The problem =
Please repeat each line from the one holding "PGYTECH foldable camera" through the final line of the data, exactly as it stands, with no pictures.

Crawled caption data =
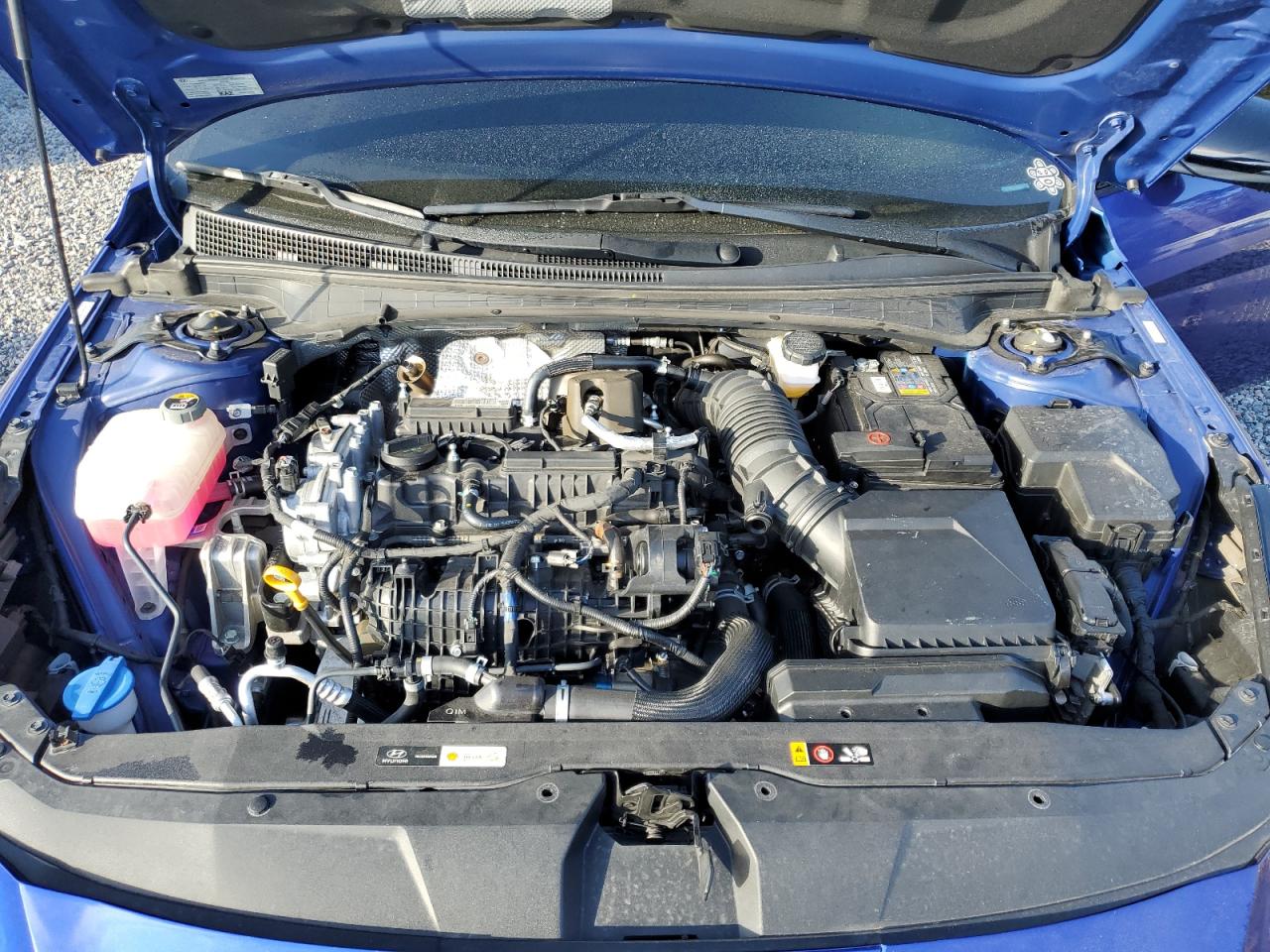 2022 Hyundai Elantra - Image 13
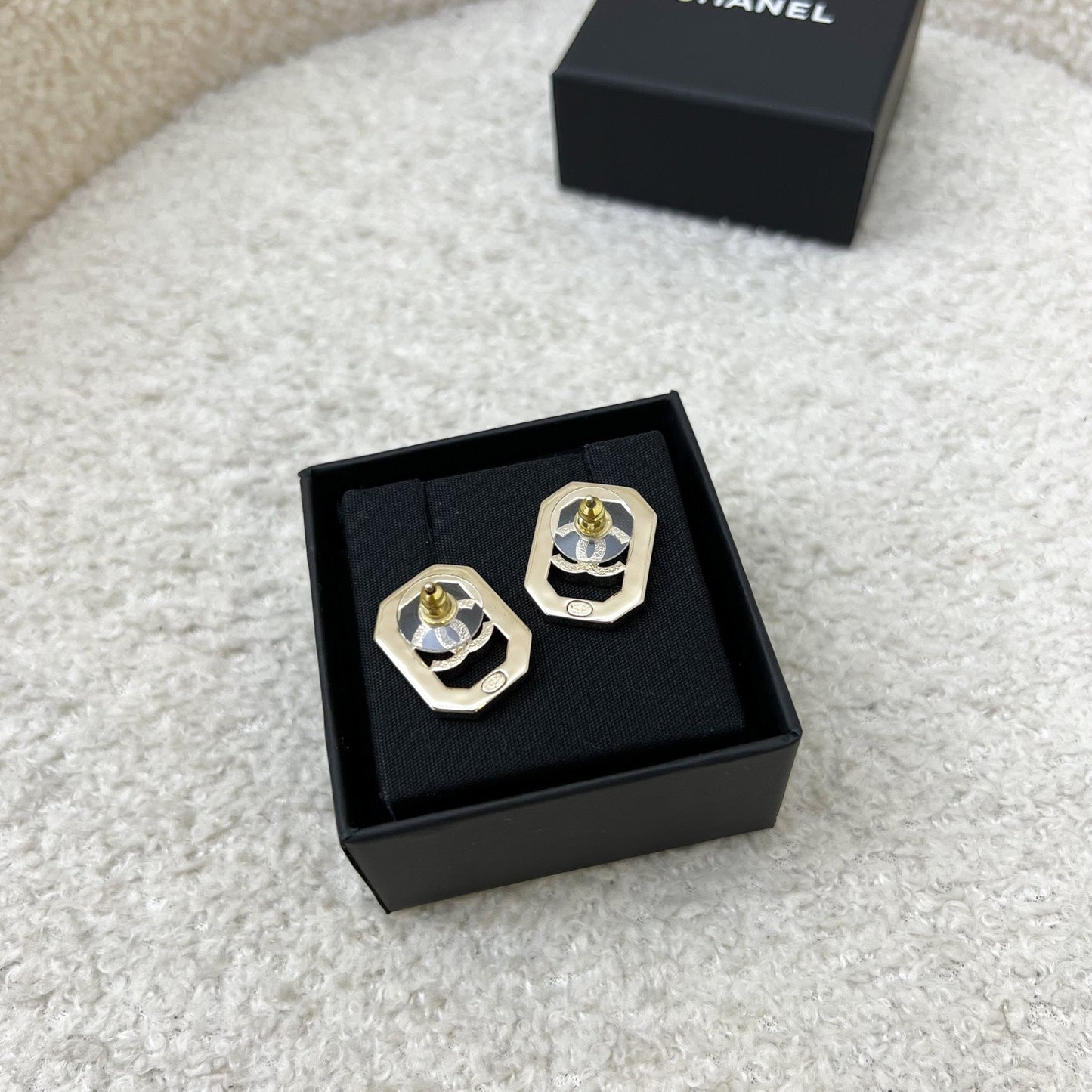 Chanel Crystal Pearl CC Geometric Earring ( )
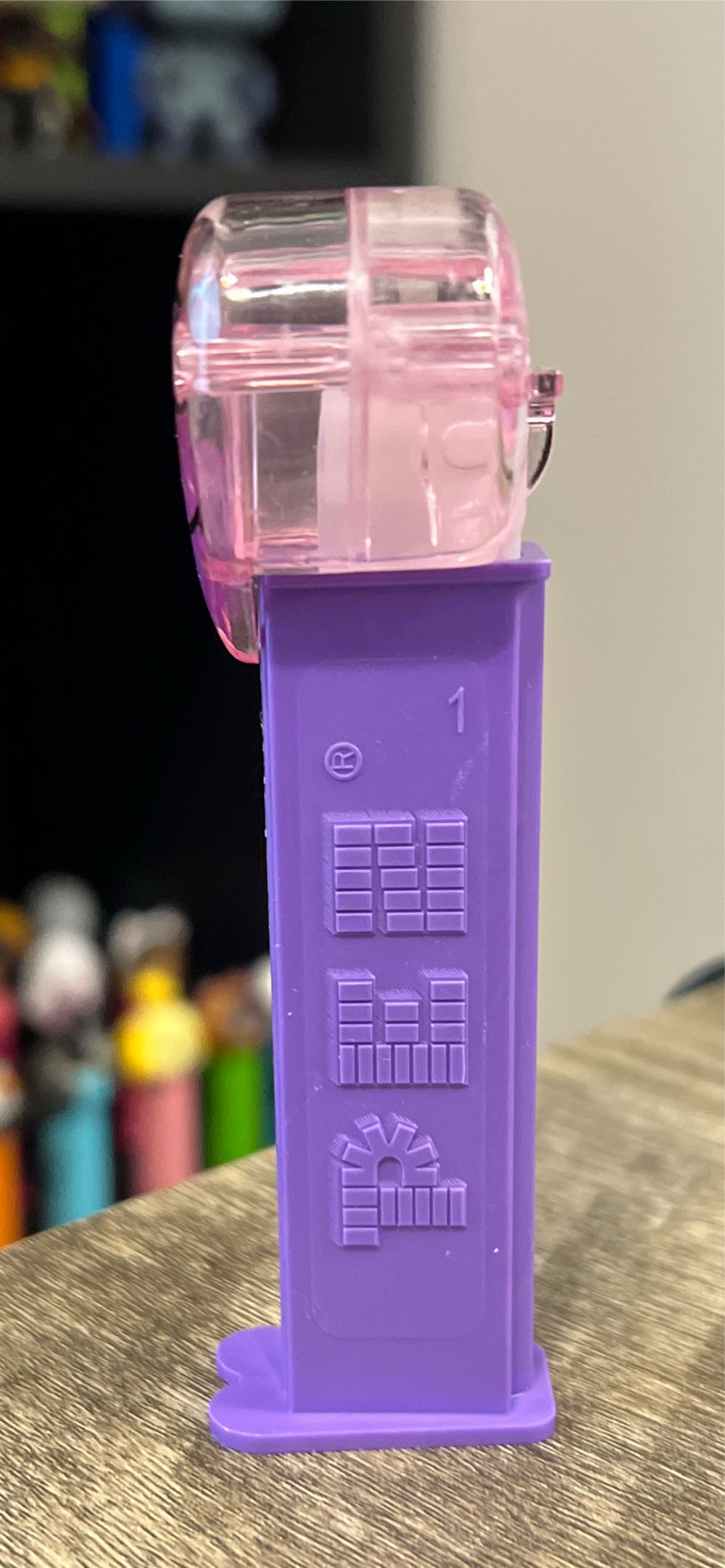 Crystal Hugging Heart - Valentines pez collectible [Barcode 073621092143] - Main Image 4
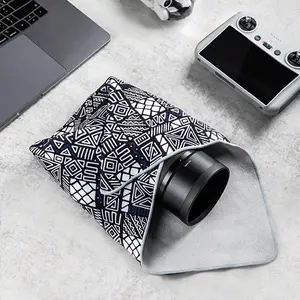 PGYTECH foldable camera protective cloth, portable protective cover for DSLR camera lenses and flashlights, compatible with Canon, Nikon, Sony, essential accessories for photography and travel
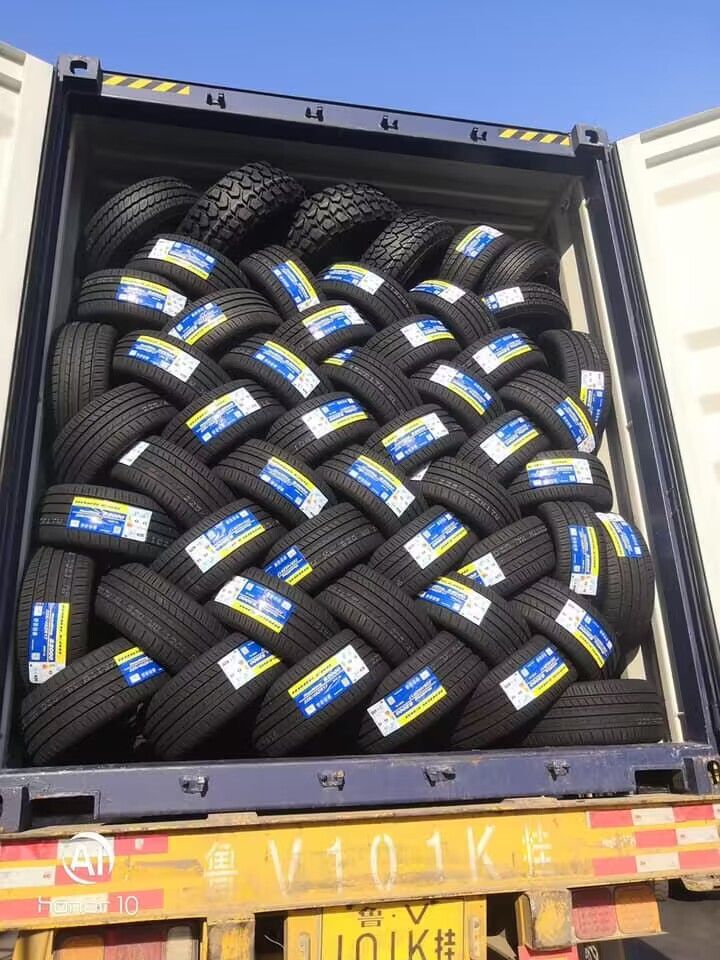 Kapsen/Durun/Habilead 235/60r16 235/70r16 245/70r16 265/70r16 Aw33 High Performance Non-Studded Studless Runflat Ice Snow Winter Tyres for Passenger Car SUV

Output of the exercise =
 PGYTECH foldable camera protective cloth, portable protective cover for DSLR camera lenses and flashlights, compatible with Canon, Nikon, Sony, essential accessories for photography and travel
 Kapsen/Durun/Habilead 235/60r16 235/70r16 245/70r16 265/70r16 Aw33 High Performance Non-Studded Studless Runflat Ice Snow Winter Tyres for Passenger Car SUV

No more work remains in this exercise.